# How to teach a horse collection(high headed)



## Hlover (Apr 17, 2011)

I just bought a 13yr old TB mare which I plan on training for dressage and jumping. She was a track horse and the previouse owners did polo on her. She is good on the ground and ok under saddle however. She is incredibly high headed and doesn't know alot of things she's very one sided. Doesn't know lateral work. Has never been jumped or learned to collect. I have been told I have to use side reins to teach her how to accept the bit. But I have never uses side reins and my trainer isn't around at the moment. I was wondering a few things and want your advice on them. What ways do you use to train your horses to collect/accept the bit. Do you have any exercises for one sided and high headed horses. I lunge her alot on both sides evenly I ask her frequently to just lower her head and am making some progress but I want some prospectives because I have not heard much about training horses to accept the bit and such thanks! 
(I plan on getting proffesional help too soon by the way.)


----------



## kitten_Val (Apr 25, 2007)

I don't think side reins are needed. And if you decide on using them I'd do it only with someone experienced watching you. Well, I gonna repeat what was said gazillion of times on this forum, but...  You have to drive him from behind. And frankly I (myself) couldn't achieve it with my high-headed paint till I started working with very good dressage trainer, who knew how to teach both me and the horse. Part of the training was correct seat, correct cues, and plenty of half-halts on my side. I highly recommend you to search on forum (both - in Training and Dressage sections) on "head set", "frame", "collection". You'll get lots of great posts by very experienced people here. 

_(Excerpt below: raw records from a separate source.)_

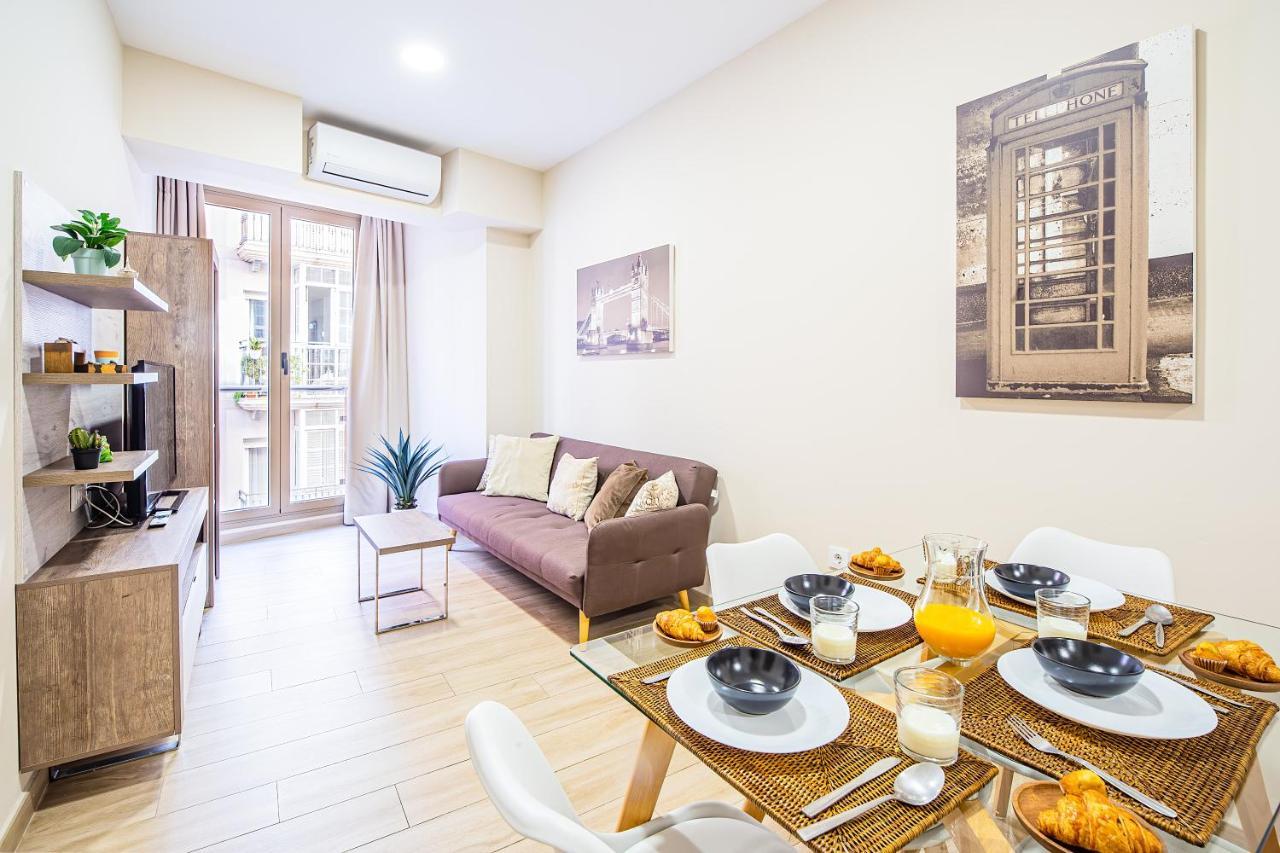 Cartagenaflats - Apartamentos Turisticos Jabonerias 16, City Center Exterior photo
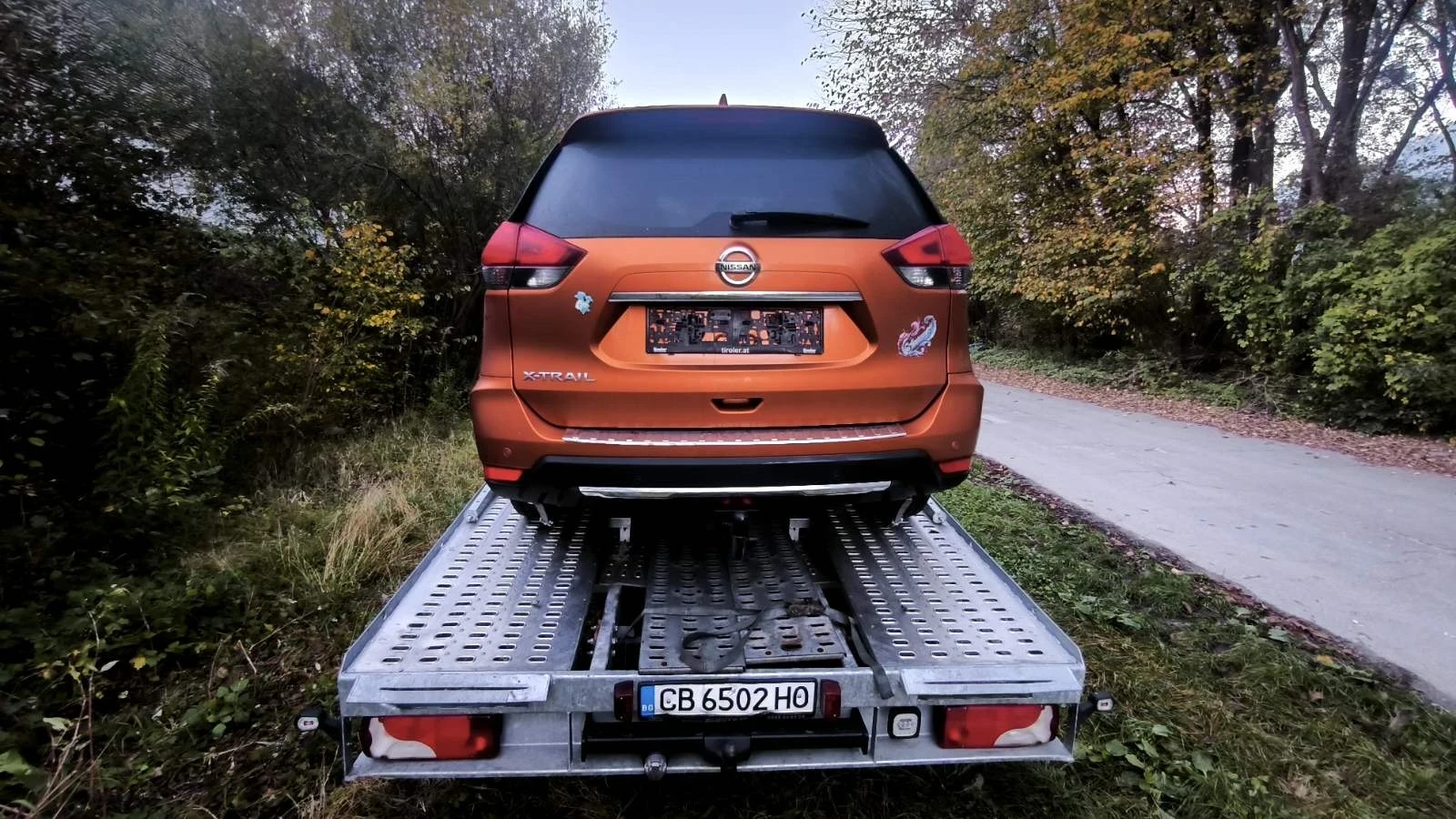 Nissan X-trail 2.0 Dizel 177 ks | Mobile.bg � ����������� 3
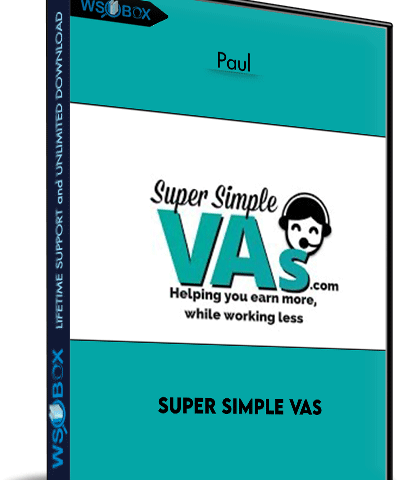 Super Simple VAs – Paul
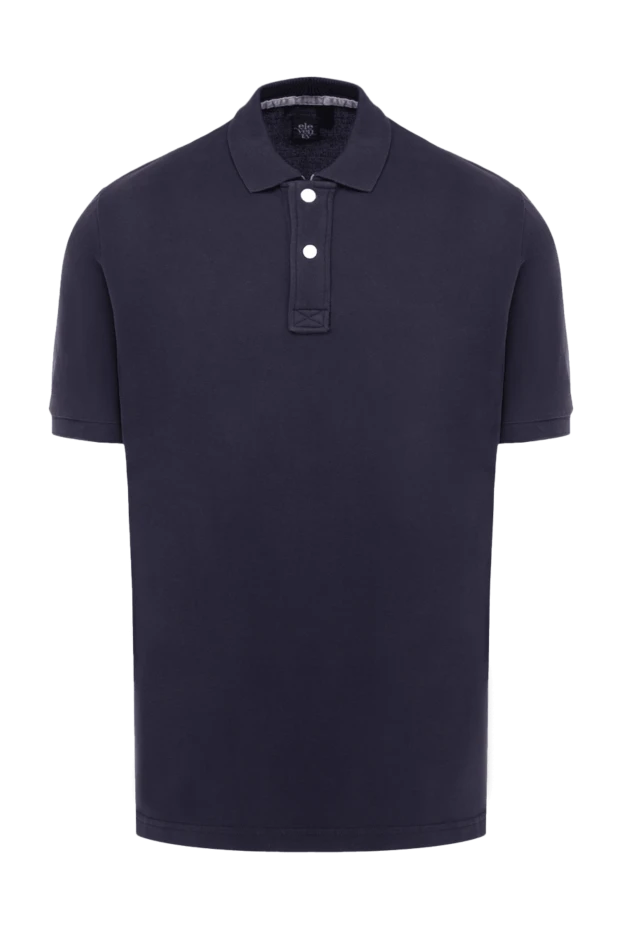 Eleventy man cotton polo purple for men buy with prices and photos 141137 - photo 1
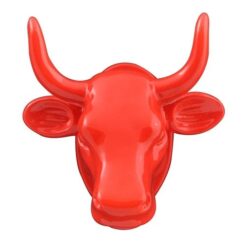 CowParade Magnet Red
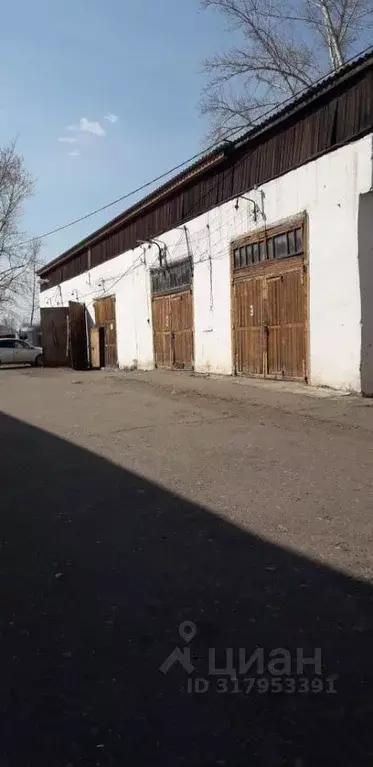 Помещение свободного назначения в Забайкальский край, Балей Советская ... - Фото 1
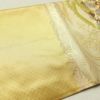袋帯 六通柄 良品 フォーマル用 正絹 古典柄 金・銀_画像22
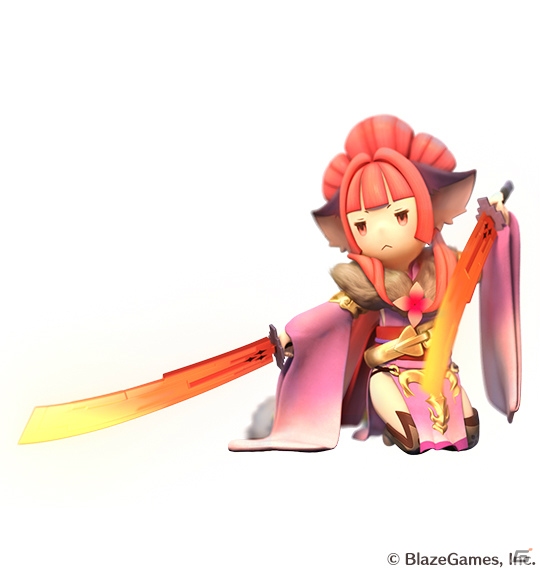 iOS/Android「リトル ノア」新ボスイベント「嵐碧竜の覚醒」が開催！バレンタインデザインの「SSR ショコラエンジェラ」も追加の画像5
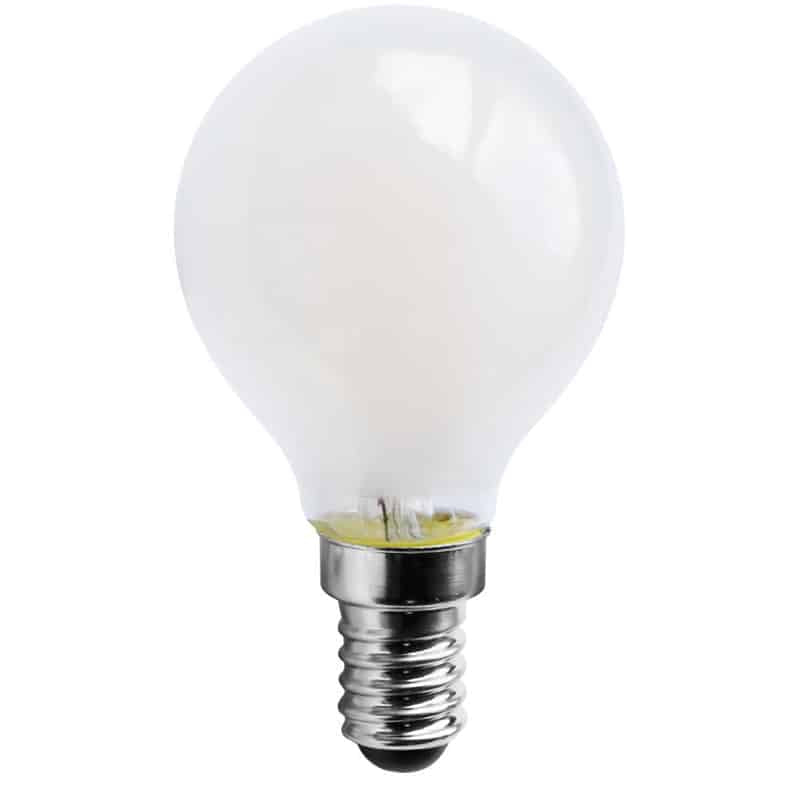 Mantra Bombillas E14 LED E14 6.5W 4000K 800lm blanco R09240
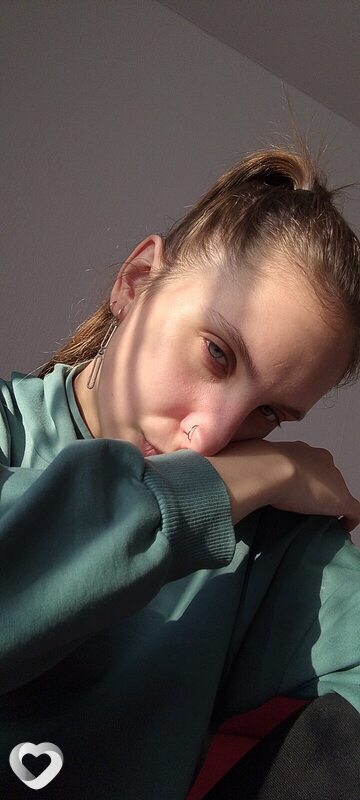 Екатерина, 19, Челябинске — анкета №3345601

I always refer to this video:


----------



## Hlover (Apr 17, 2011)

Thanks very helpful!
_Posted via Mobile Device_


----------



## kitten_Val (Apr 25, 2007)

Sure! Its been a long process for me and my horses (mostly because my horses didn't have any "professional" training and I'm kinda a beginner), but its something doable. I wish you best luck!


----------



## MyBoyPuck (Mar 27, 2009)

I'd get her a good massage to start to work out all the knots in her muscles and then start riding her using suppling exercises to soften her stiff side. Lots of soft bending, shallow serpentines and circles to get her reaching into the bit.


----------



## Hlover (Apr 17, 2011)

Thanks! That sounds like a good idea. My biggest concern with her is her head set she really puts her head up in the air. She seems very sensitive and according to her last owner doesn't like the bit very much. To teach her to eventually be on the bit I want her to do each gait with a relaxed headset. Any tips on getting her to relax into being ridden?
_Posted via Mobile Device_


----------



## Chiilaa (Aug 12, 2010)

I would bore her into relaxing. Until now, she has done only fast work. I would walk her, and walk her, and then walk some more. I would not even think about trotting until every walk stride from start to finish was bored and through that, relaxed. Then I would do the same with the trot. Teach her that slow is ok, and that fast isn't going to happen. Once she relaxes into it, she will come good.


----------



## MyBoyPuck (Mar 27, 2009)

Yes, along the lines with what Chiilaa said, understand that no real work can happen without relaxation. A simple D-ring french link snaffle would be a nice inviting bit. Walk her in the above mentioned circles, bends and serpentines, over ground poles if she's cool with it, with the sole goal of achieving relaxation. She needs to know that nothing bad or sudden is going to take place and that you are going to be a consistent leader up there. 

If she is all go, just walking might be counter-productive to her energy level. If that's the case, a few minutes of trot in between walk sessions make be necessary to allow her to stay calm, but only do that if you absolutely have to. 

Relaxation is #1 priority for now.


----------



## Hlover (Apr 17, 2011)

Okay sounds like a plaan thanks guys!
_Posted via Mobile Device_


----------